This document is dedicated to providing a word2vec model developed for Farsi poems of 48 poets. The complete list of poets and their documents are available here.
Traditional Farsi poems are a set of sentence rows knowen as beyts
. Each beyt is split into two mesra
s that could be thought of as clauses that complete each other and convey a single concept.
Most of the existing Farsi literature are composed in this framework of mesras and beyts. Here is an example of a Farsi poem by Rumi:
(beyt1 - mesra1)
Out beyond ideas of wrongdoing and right-doing,
(beyt1 - mesra2)
there is a field. I'll meet you there.
(beyt2 - mesra1)
When the soul lies down in that grass,
(beyt2 - mesra2)
the world is too full to talk about.
(beyt3 - mesra1)
Ideas, language, even the phrase each other
(beyt3 - mesra2)
doesn't make any sense.
The corpus that we developed the word2vec model on consists of 1,216,286 mesras of Farsi poems that can be thought of as 608,143 sentences. Moreover, this document consists of 8,102,119 words from which 148,588 are unique.
The developed word2vec model is accessible here.

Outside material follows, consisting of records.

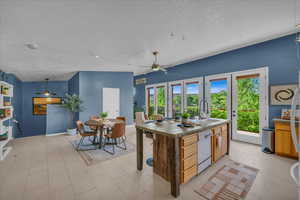 Kitchen with french doors, sink, dishwasher, hanging light fixtures, and an island with sink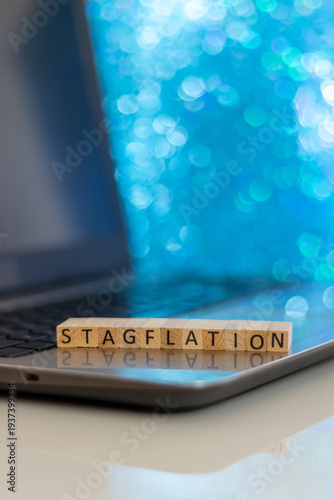 Stagflation financial business concept with wooden blocks on laptop silver blue bokeh copy space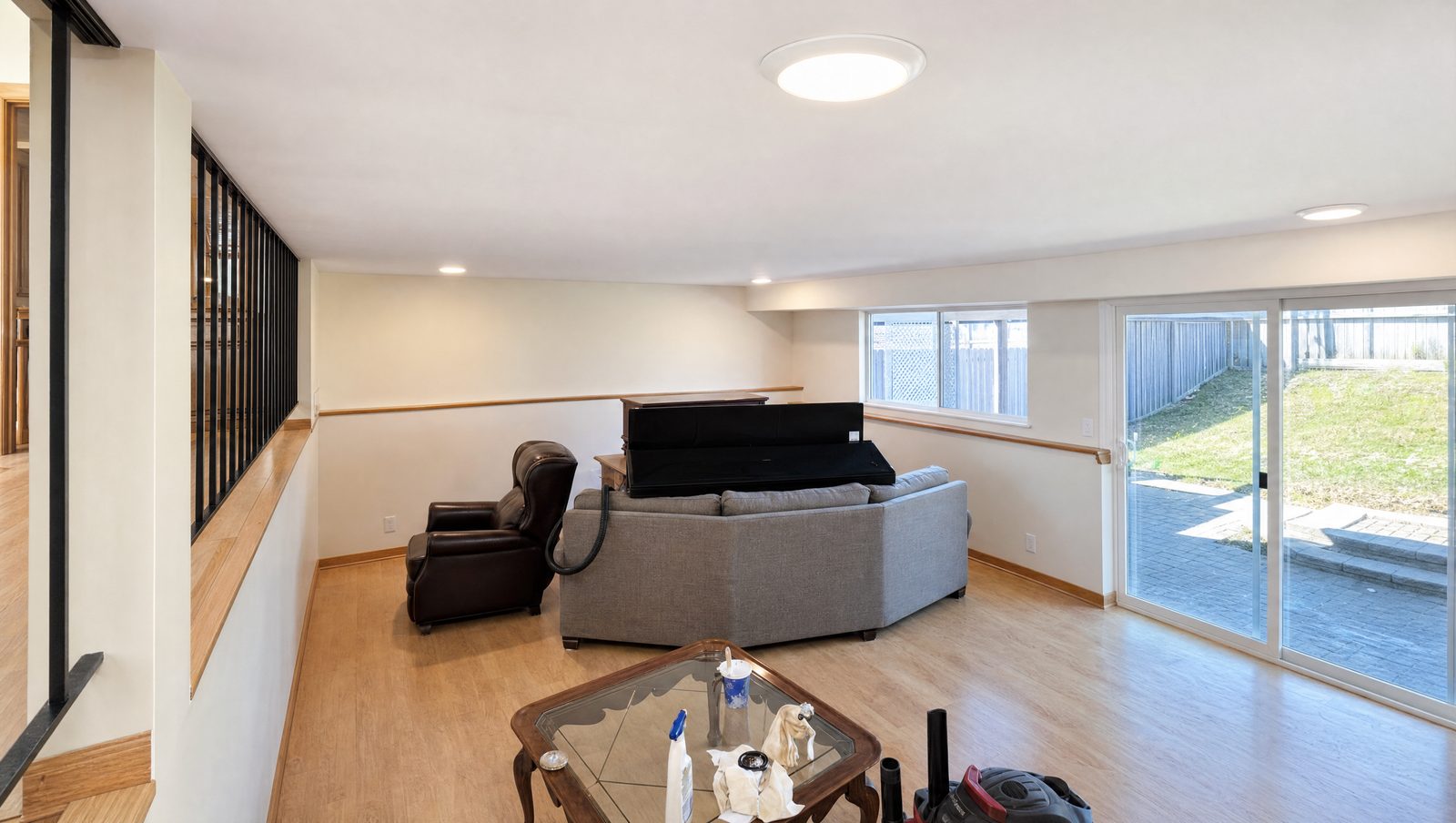 Finished basement family room with new lighting and flooring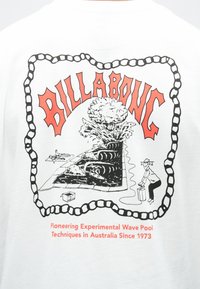 Λευκό βαμβακερό μπλουζάκι με γραφικό σχέδιο. Περιλαμβάνει τη λέξη «BILLABONG» με κόκκινα γράμματα, συνοδευόμενη από απεικονίσεις νερού, σέρφερ και ενός χαρακτήρα.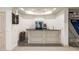 Basement features a stylish bar area and a basketball game at 816 Blackfoot Trl, Suwanee, GA 30024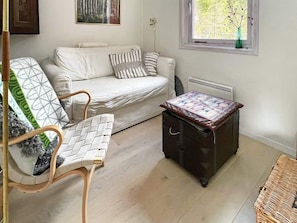 A cozy room with a white sofa, a patterned armchair, a small wooden table, and a radiator. - 6 Person Holiday Home in Blido (Blidö)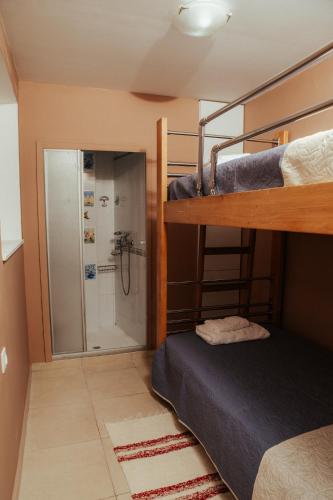a bedroom with a bunk bed and a shower at MountSea Villa in Agios Nikolaos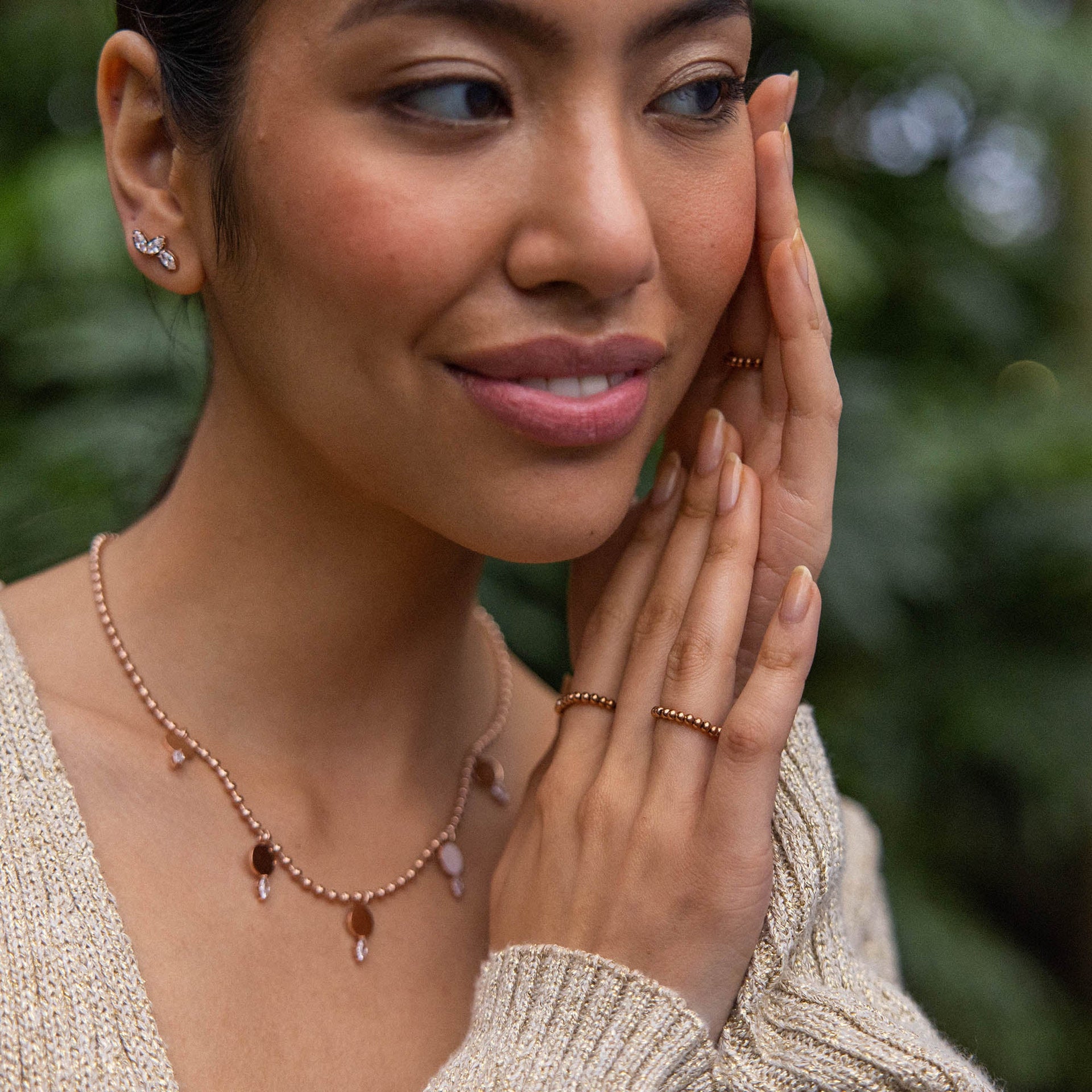 Roségoldene Kette mit Anhängern, getragen von einer Frau, PURELEI inspiriert von Natur und Eleganz.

Here are some examples of the results of this model:
گوش به چشم شبیه شنیده است: دیده
Which means:
Ear to eye is similar to heard to: Saw
مرد به زن شبیه آدم است: حوا
Which means:
Man to woman is similar to Adam to: Eve
Please note that the model capability is limited due to its data input size which is only 8 million words. Moreover, due to different format and vocabulary between Farsi poems and nowadays Farsi conversation, please be carful in generalizing the model.